First, because of the U.S. Department of Education’s caution about establishing early timetables for submission, and the potential impact on underserved populations, I have been watching FAFSA submissions for applicants of color carefully and am cautious about what I see. Currently, we continue to see trailing rates of submission for students of color in the applicant pool, with more than 40 percent of those students who applied for admissions not yet filing the FAFSA. The department’s caution is relevant to all of us, and we must now ask what we can do to increase the filer rate among this important population.

Second, nearly 20 percent of those students who have submitted the FAFSA have not yet applied to my college for admission. Some of these FAFSA submitters are even coded as having asked us to cease communication with them. Now, a universal truth in college admissions is that 100 percent of the students who don’t apply don’t enroll. While there certainly is plenty of time for these hundreds of FAFSA submitters to still apply (and I sure hope they do), it’s also reasonable to conclude that we are not a serious consideration for them, making this usually strong indicator meaningless.

There is more to investigate as we look at these very early indicators, but only time will tell us what all of this means.

Looking at the data, I wonder if the Department of Education and all of those who pushed for early FAFSA may have just created the newest fast-application program. Fast-application programs for college admissions are frequently criticized for inflating applicant pools and making it too simple and too convenient for students to apply. These same programs make it difficult for new users in college admissions to interpret what an increase in volume may really mean to yield and enrollments.
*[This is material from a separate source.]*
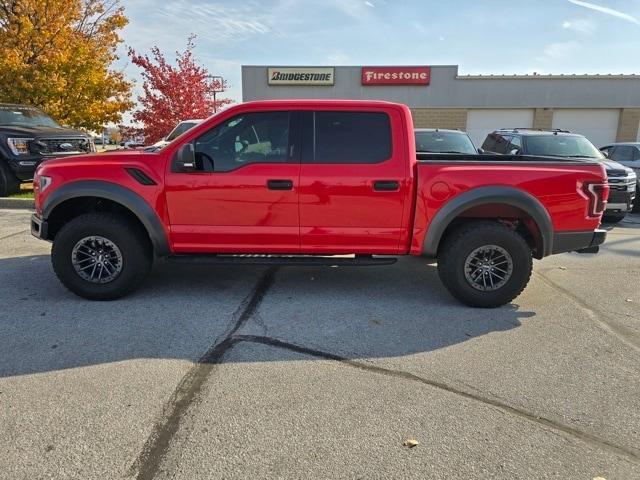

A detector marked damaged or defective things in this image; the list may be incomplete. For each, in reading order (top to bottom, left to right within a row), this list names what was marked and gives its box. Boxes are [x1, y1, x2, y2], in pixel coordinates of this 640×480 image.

asphalt crack in pavement [129, 266, 278, 480]
asphalt crack in pavement [236, 334, 640, 464]
asphalt crack in pavement [536, 272, 640, 354]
Think about it. We’ve made it easier to submit the FAFSA. We’ve aggressively communicated about submitting the FAFSA. We’ve created a marketed FAFSA with the IRS data-retrieval tool. We have systemwide partners, like the Common Application, more effectively encouraging the submission of the FAFSA. We’ve done our best to better align the cost and admissions decision.

It seems we are doing all of the right things. But are we reaching all the right students and families --those most likely to choose Augustana and thrive here?

I am a believer in making the entire process more transparent and less complicated, and in aligning the cost and search process. But I wonder if early FAFSA will just add a new complication for colleges and families -- and more noise that must be interpreted and filtered. Only time will tell.